Summary of Facts and Submissions

I. European patent application number 88 308 160.6, filed on 2 September 1988 and published under the publication number 0 309 110, was refused by a decision of the first instance dispatched on 20 January 1993.

II. The grounds for the decision were stated to be as set out in three previous communications of the Examining Division which included an objection of lack of inventive step of the subject-matter of Claim 1 over the prior art disclosure

D1: US-A-4 224 899.

III. An appeal was lodged against this decision on 8 March 1993, the appeal fee was paid on 4 March 1993 and the Statement of Grounds of Appeal received by facsimile on 18. May 1993.

With the Statement of Grounds the Appellant submitted a statutory declaration by the inventor Mr A.P. Reid and argued that the subject-matter of the versions of Claim 1 according to the main and three auxiliary requests was novel over the disclosure of document D1 for reasons additional to that already recognised by the Examining Division. Concerning inventive step the Appellant maintained that discernment of the paw trapping problem which is solved by the invention was not simple and that the skilled person would not have found a solution to the paw trapping problem in document D1 because the pet door described in that document is already of the type that is safe from paw trapping.

IV. After a telephone call from the Board the Appellant submitted new application documents.

The Appellant requests that the decision be set aside and the application be allowed (or remitted to the Examining Division for further consideration) on the basis of main or auxiliary requests as follows:

Main request on the basis of the following documents:

Claims:

Claims 1 to 4 filed with the letter dated 23 November 1993.

Description:

Pages 3, 3a, 4, 5, 9, 11 and 12 as filed with the letter dated 23 November 1993;

Page 1 as filed with the letter dated 11 February 1991;

and

Pages 2, 6 to 8 and 10 as originally filed.

Drawings:

Sheet 1/2 as originally filed; and

Sheet 2/2 as filed with letter dated 23 November 1993.

Auxiliary requests:

based on versions of Claim 1 according to first, second and third auxiliary requests filed with the Statement of Grounds dated 18 May 1993, and amended as set out in the letter dated 23 November 1993.

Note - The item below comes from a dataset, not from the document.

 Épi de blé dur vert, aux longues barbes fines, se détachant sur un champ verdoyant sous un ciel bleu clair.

V. Claim 1 of the main request reads as follows:

"A pet door (10',40') adapted for mounting at an opening in a wall, door or the like to provide a portal or aperture (12',42) whereby animals such as cats and dogs may unaided enter directly into or exit directly from a room or building such as the pet owner's house comprising:

a mounting frame member (11',41) having a tunnel portion (22',41,49') defining the portal or aperture through which a pet passes directly into or out of the room or building, the tunnel portion having at least one permanently open end; and

a flap (14,43) swingably mounted at an upper portion of said tunnel portion for the opening and closing thereof, the flap (14,43) having a free edge portion (48) at the bottom edge of the flap (14,43); said tunnel portion (22',41,49') projecting laterally from said flap (14,43) in at least one direction of opening movement of the flap (14,43) and the tunnel portion, in defining said aperture forming a margin, ledge or shelf (31,49') adjacent the bottom edge (48) of the flap (14,43), characterised in that the margin, ledge or shelf (31,49') is stepped downwardly (at 30,30') to provide an enlarged clearance between the tunnel portion (22',41,49') and the bottom edge (48) of the flap (14,43) when the flap is displaced in the said at least one direction."

Reasons for the Decision

1. The appeal complies with the requirements for admissibility.

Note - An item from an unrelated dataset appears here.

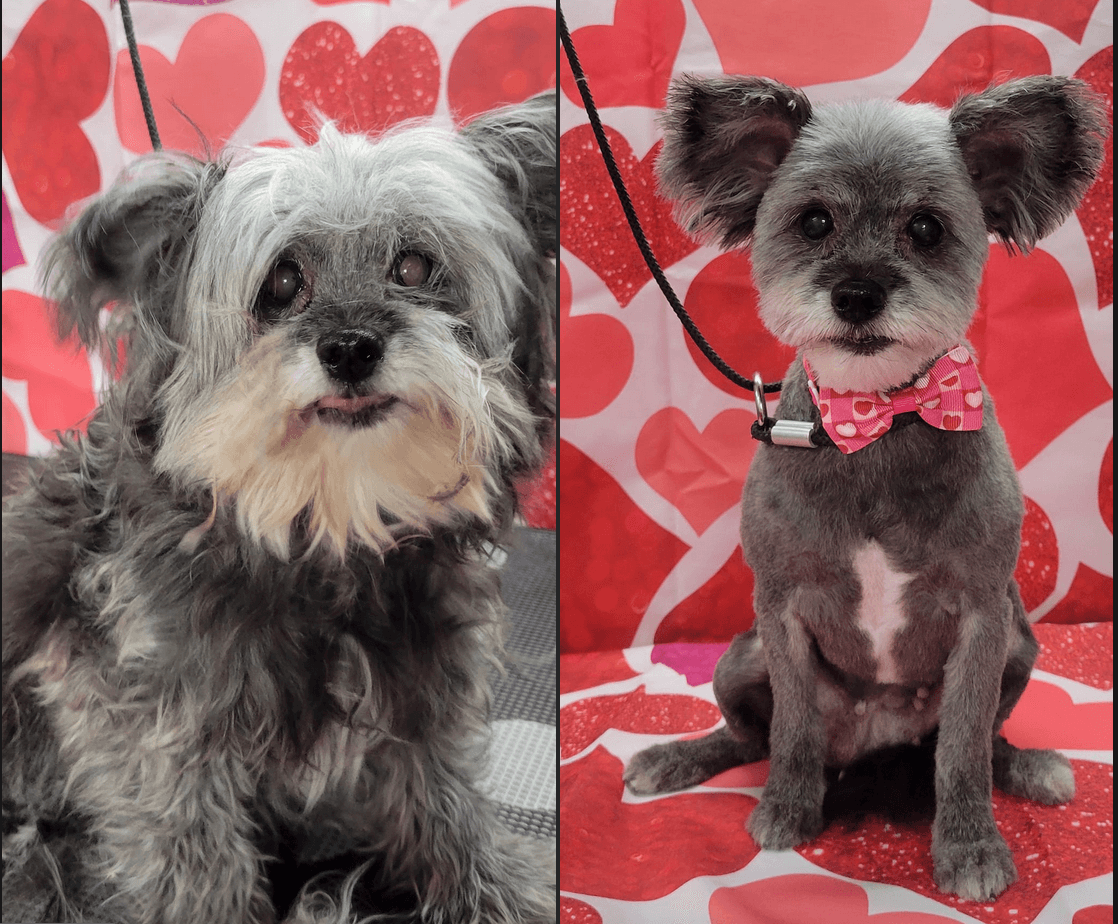 Styles by Sal Mobile Dog Grooming - Mobile dog grooming in Clayton, NC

2. Amendments - Main request

2.1. Claim 1 of the main request is based on the original Claim 1 supplemented by information from original Claims 3 and 4, from page 1 of the original description and from the original drawings.

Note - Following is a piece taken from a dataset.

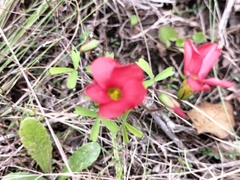 Oxalis pendulifolia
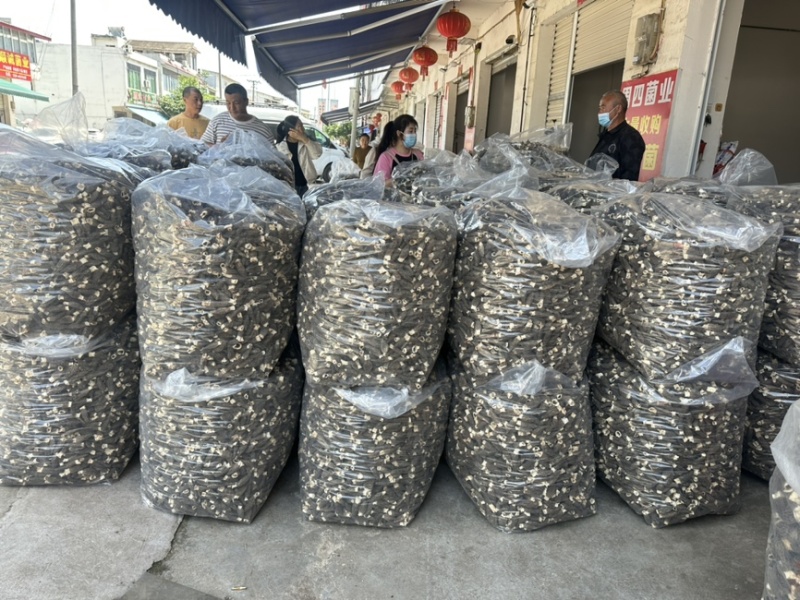 福建宁德食用菌干货羊肚菌，大量有货，欢迎咨询采购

2.2. The present Claim 2 is based on the original Claim 5; the present Claim 3 corresponds to the original Claim 2; and the present Claim 4 is based on pages 10 and 12 of the original description.

2.3. The present description is merely an adaptation of the originally filed description to take account of the changes in Claim 1 of the main request and to acknowledge the prior art. A reference sign has been added on sheet 2/2 of the drawings.

2.4. Thus there are no objections under Article 123(2) EPC to the amended documents of the main request.

3. Novelty - Main request

3.1. Document D1, considered by the Examining Division to disclose the prior art closest to the present invention, concerns a pet shelter suitable for mounting in the wall of a house. The pet passes through an opening in one end wall to enter a hollow housing where the pet can remain or pass straight through to exit the pet shelter through an opening in the other end wall.

While the Examining Division argued in section 2 of its communication of 30 July 1990 that the pet shelter known from this document D1 could simply be installed in a door panel, in fact the length of its hollow housing in practice prevents mounting to a slidable or hinged door or window. The length of the hollow housing and the purpose of the pet shelter - to allow the pet to remain within the housing - means that this device is of a basically different type to conventional pet doors with which the present application is concerned, namely those designed for the pet to merely pass through and to be more flexible where fitting is concerned e.g. to a door.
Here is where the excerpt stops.